Авест. xvarnah, «слава», «величие», «блеск», «сияние», «харизма» и т. п., согд. prn, «слава», «знамение» и т. п., осет. farn, «обилие», «счастье», «мир», др.-перс. farna, ср.-перс. xvarrah, «царская слава», «царское величество», перс. farr, «блеск», «великолепие», «пышность» и т. п., согд. prn, frn, сакск. phārra, «положение», «ранг», «достоинство», «звание» и т. д.], в иранской мифопоэтической традиции божественная сущность, приносящая богатство, власть и могущество; державная сила. Видимо, Ф. выступал и как неперсонифицированное сакральное начало абстрактного или конкретного (материальный символ) характера, и как персонифицированный божественный персонаж.

В «Авесте» Ф. — обычно некая сакральная благая доля, «хорошая вещь» («Яшт» XVII 6).

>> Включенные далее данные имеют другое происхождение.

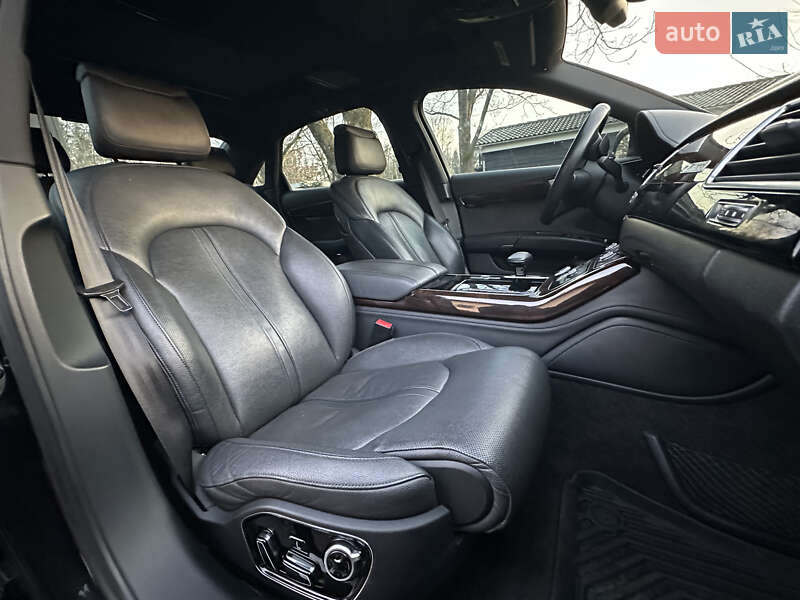 Седан Audi A8 2014 в Львове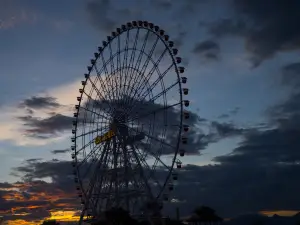 Vòng quay Mặt Trời (Sun Wheel)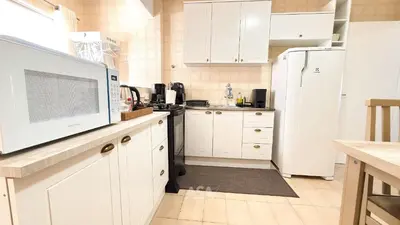 A cozinha ou kitchenette de ASA | 3QT Leblon | Ar | Av. Brasil | Centro BC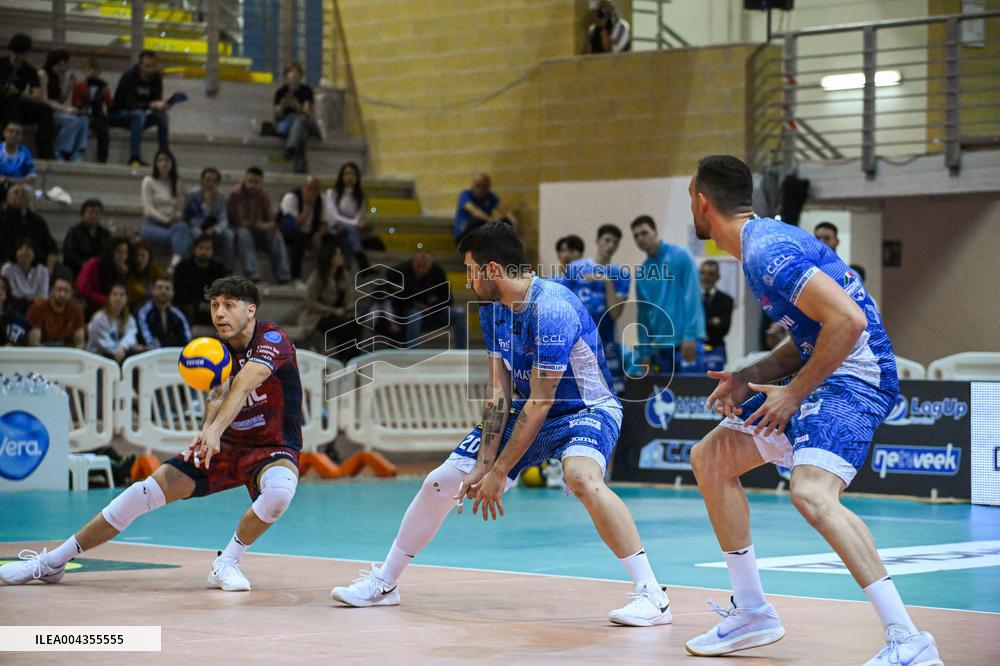 VOLLEY - Superlega Serie A - Playoff 5° Posto - Cisterna Volley vs Sonepar Padova 2-2.. (31-29, 22-25, 25-21, 24-26 ..)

Им могут владеть божественные персонажи, дарующие его людям («Датастан-и-деник»), сами люди, для которых Ф. обычно воплощается в богатстве («Яшт» X 8, «Ясна» 60, 2, 4), доме, жене, детях, скоте, здоровье («Яшт» XV 56, известна формула пожелания Ф. для сохранения здоровья в поздних зороастрийских текстах).

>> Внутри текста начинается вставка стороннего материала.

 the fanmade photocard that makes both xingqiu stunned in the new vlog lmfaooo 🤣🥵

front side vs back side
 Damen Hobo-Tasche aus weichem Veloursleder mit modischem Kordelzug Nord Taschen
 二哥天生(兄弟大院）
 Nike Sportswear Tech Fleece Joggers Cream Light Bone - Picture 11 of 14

Ф. имеет общие атрибуты с едой, пищей, которая в иранских языках может обозначаться тем же словом, что и Ф., или его производными (авест. vxarnah, vxarnti, xvartay, xvara, xvarna и т. п.). Ф. выступает и как добрый дух — охранитель дома, в случае смерти хозяина он покидает дом, если не соблюдены некоторые условия (ср. отражения в осетинской традиции: пословица «тише, не забывай о Ф. дома», представление о том, что отцовский Ф. не уходит в царство мёртвых).

Особым Ф. обладает селение, область, страна, народ. В ряде случаев говорится о Ф., скрытом в глубине вод («Яшт» XIX 51—64), о Ф., связанном с водами и реками, с солнцем, выступающим как даритель Фарн («Денкарт»).

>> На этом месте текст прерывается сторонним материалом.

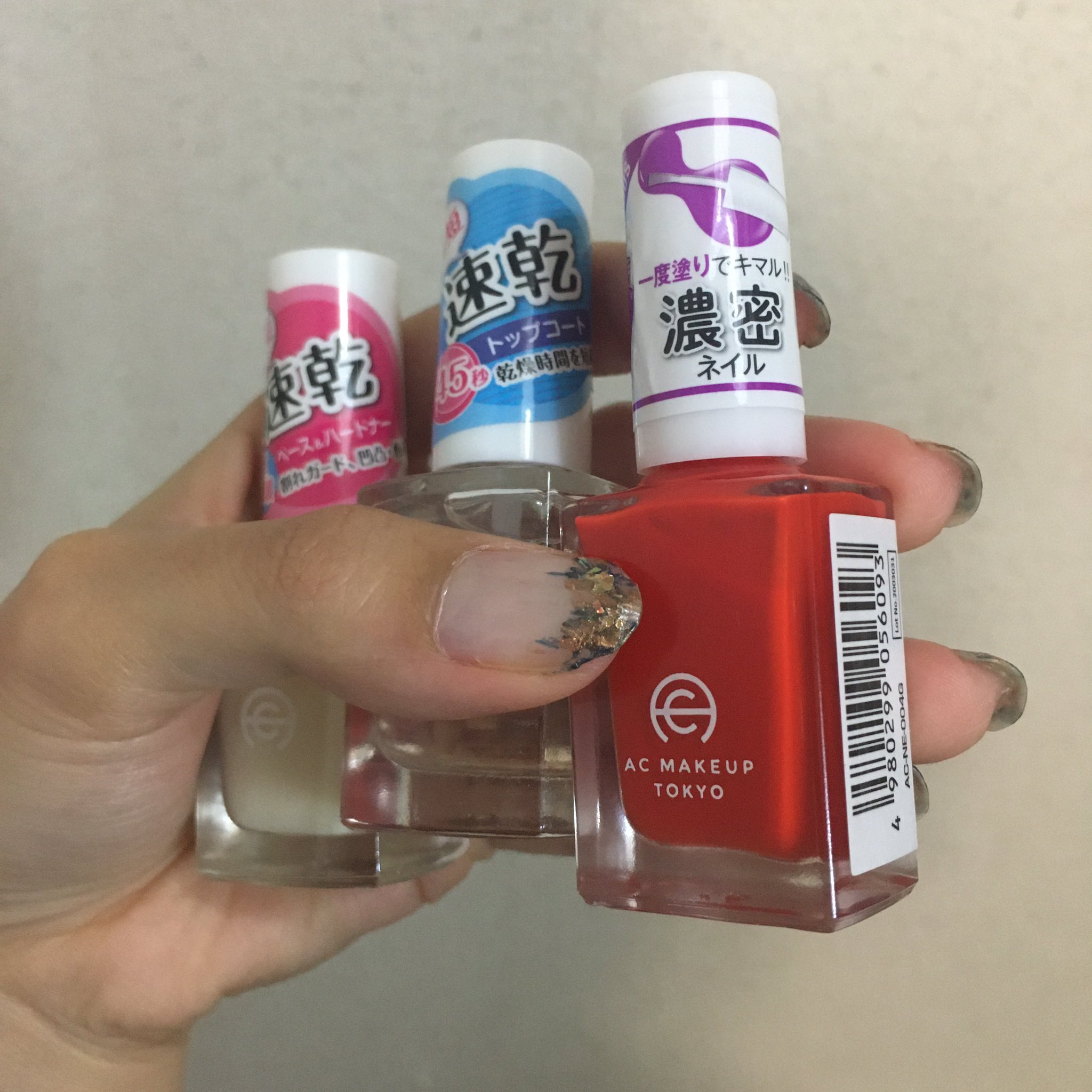 K子 足に大事なマニキュア塗りたくないのでセリアで適当にベースとトップと 一度塗りでキマル濃密ネイル とやらを買ってみたんだけど 本当に一度塗りでこの発色だったのでびっくりしてる 100均も侮れませんなぁ セルフネイル 100均ネイル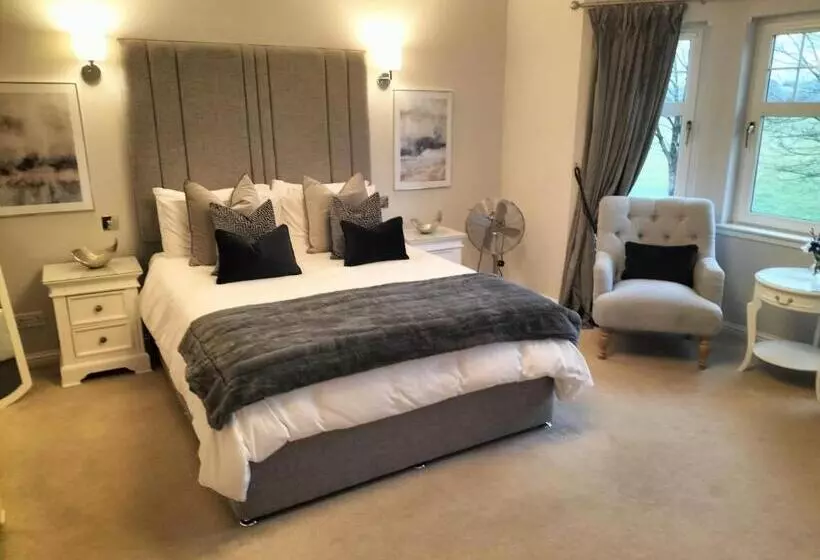 Springfield Lodge Bed And Breakfast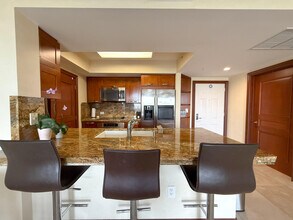 19501 W Country Club Dr in Aventura, FL - Building Photo - Building Photo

Иногда Ф. реализуется не столько в материальном виде, сколько символически — как счастье, доля, судьба (в этом смысле он сопоставим с греческой Тихе, римскими Фортуной, гением и т. п.). Именно такой Ф. свойствен, видимо, ариям в целом, жрецам-кави, Заратуштре («Яшт» X 105).

Тот, у кого есть Ф., — «обладатель благой судьбы». Ф. — объект восхвалений («Яшт» XIX), он непобедим и могуществен: он спутник победы, являющийся в виде сияющего огня («Перед Митрой летит пылающий огонь, могущественный фарн кави», «Яшт» X 127).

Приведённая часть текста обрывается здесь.